2023 Dhaka explosion
- Date: 7 March 2023
- Time: 5:00 pm BST
- Location: Dhaka, Bangladesh; 23°43′18″N 90°24′37″E﻿ / ﻿23.7217°N 90.4104°E;
- Cause: to be determined
- Deaths: 17
- Injuries: 140

= 2023 Gulistan explosion =

Explosion in Bangladesh

On 7 March 2023, an explosion happened in a market in Dhaka, Bangladesh killing at least 17 people while more than 140 were injured. The explosion took place at around 5:00 p.m local time in a busy market building in Siddiq Bazaar in Old Dhaka.

==Background==
This was the third explosion in Bangladesh within a week after explosion at an oxygen plant in Sitakunda and another building on Dhaka's Mirpur Road. Similar explosions have occurred in the last two years in Bangladesh, most notably the blast inside a four-storied Moghbazar building that resulted in the collapse and abandonment of the building.

The explosion occurred at a store that sold sanitation materials on the building's ground floor.
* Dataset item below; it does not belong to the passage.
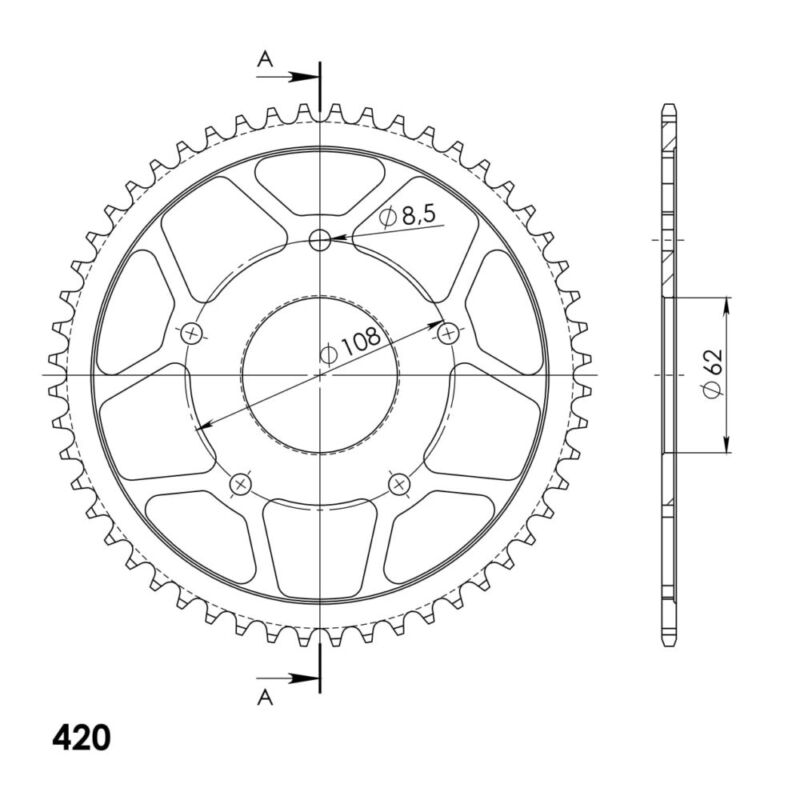 Couronne acier 52 dents Pas 420 Mash Fifty SM, Peugeot XR7, Rieju MRX – Supersprox CX12252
Authorities were not able to immediately provide the reason behind the explosion.

==Response and casualty==
More than 140 people were brought to the Dhaka Medical College Hospital. No fire broke out after the explosion. More than 150 firefighters were at the site to assist in rescue efforts. The Rapid Action Battalion (RAB) said that gas accumulated in the basement of the building may have caused the explosion. However, the director of Titas Gas, Mohammed Salim Mia, said that he did not find any evidence for this.